'I cried with relief': Fleeing violence and finding refuge
- Published
When Sian walked through the door of the refuge with her young son after more than a decade of violent abuse, she wept with relief.
"I couldn't breathe properly, because the fear was starting to go... I had feared for my life and my son's wellbeing. I just couldn't take it anymore, I had to leave," she said.
Sian, not her real name, is one of thousands of women who arrive at the sanctuaries across Wales every year.
Some have just the clothes on their back and children in tow.
The refuges are safe places, the location of which is only known by police, staff and the women, men and children who live in them.
This is because the residents are considered at risk of being seriously hurt or killed.
But with hundreds already being turned away due to a lack of beds and specialist staff, Sian and others fear what the future holds for those fleeing abuse if funding for these safe havens is lost.
"For me they are lifesavers, I needed to escape that situation," she said.
"I would have been on the streets, I dread to think what would have happened."
When Sian first met her partner everything was great but over the next 10 years he became aggressive, violent and manipulative, making her feel like her life and her son's was in danger.
There were violent arguments in front of her son, he controlled her daily activities, and when she tried to leave he stalked her, hacked her phone and even forced her car off the road.
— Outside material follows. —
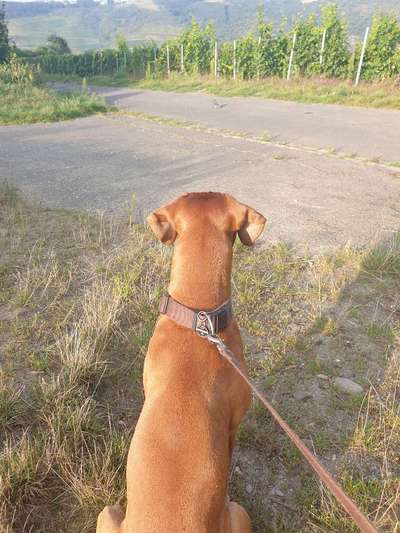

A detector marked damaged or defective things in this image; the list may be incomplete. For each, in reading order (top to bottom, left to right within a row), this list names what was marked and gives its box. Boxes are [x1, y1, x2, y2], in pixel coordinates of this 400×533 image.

cracked asphalt [1, 102, 398, 251]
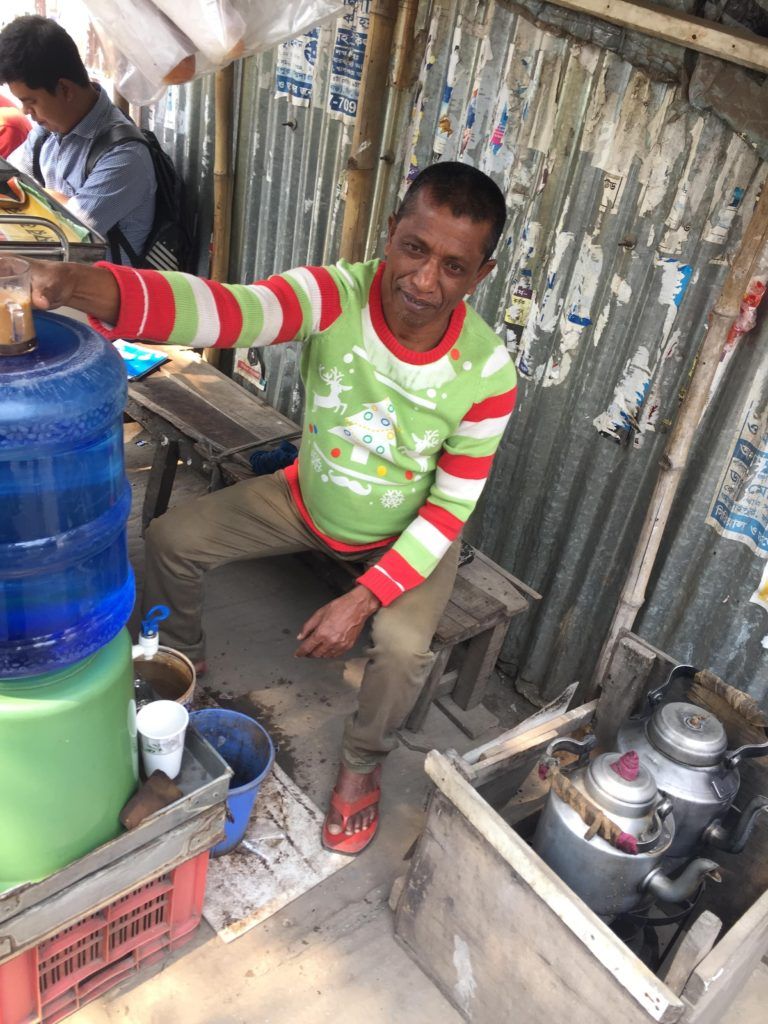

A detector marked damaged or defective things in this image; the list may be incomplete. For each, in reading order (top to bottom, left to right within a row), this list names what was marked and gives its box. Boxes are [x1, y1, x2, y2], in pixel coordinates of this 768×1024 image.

torn paper poster on wall [327, 0, 370, 120]
torn paper poster on wall [708, 378, 768, 552]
"I lived in constant fear that something terrible was going to happen," she said.
"It got to the point where I would have happily turned up at a local council somewhere in the country with a suitcase and my son.
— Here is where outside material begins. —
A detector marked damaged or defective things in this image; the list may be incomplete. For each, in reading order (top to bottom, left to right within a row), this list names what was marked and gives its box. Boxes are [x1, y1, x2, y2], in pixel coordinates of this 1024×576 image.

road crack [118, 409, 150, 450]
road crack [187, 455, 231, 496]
"I loved the house I lived in, the neighbours were great, I had friends, a job but I couldn't stay. If I wouldn't have got here, I really don't know what I would have done."
In the end Sian rang Women's Aid - who run a hotline for domestic abuse victims - and was directed to a refuge in Wales.
She hired a van, put her stuff in storage and fled with her son.
"I cried with relief and the tenseness that I'd had in my body, my shoulders, for two years just sort of disappeared and I couldn't sort of breathe properly, because the fear was starting to go.
"We felt sort of cocooned and wrapped up in cotton wool and were taken care of.
"There was just me and my son to focus on, no strange things happening and it was safe... it's just meant so much."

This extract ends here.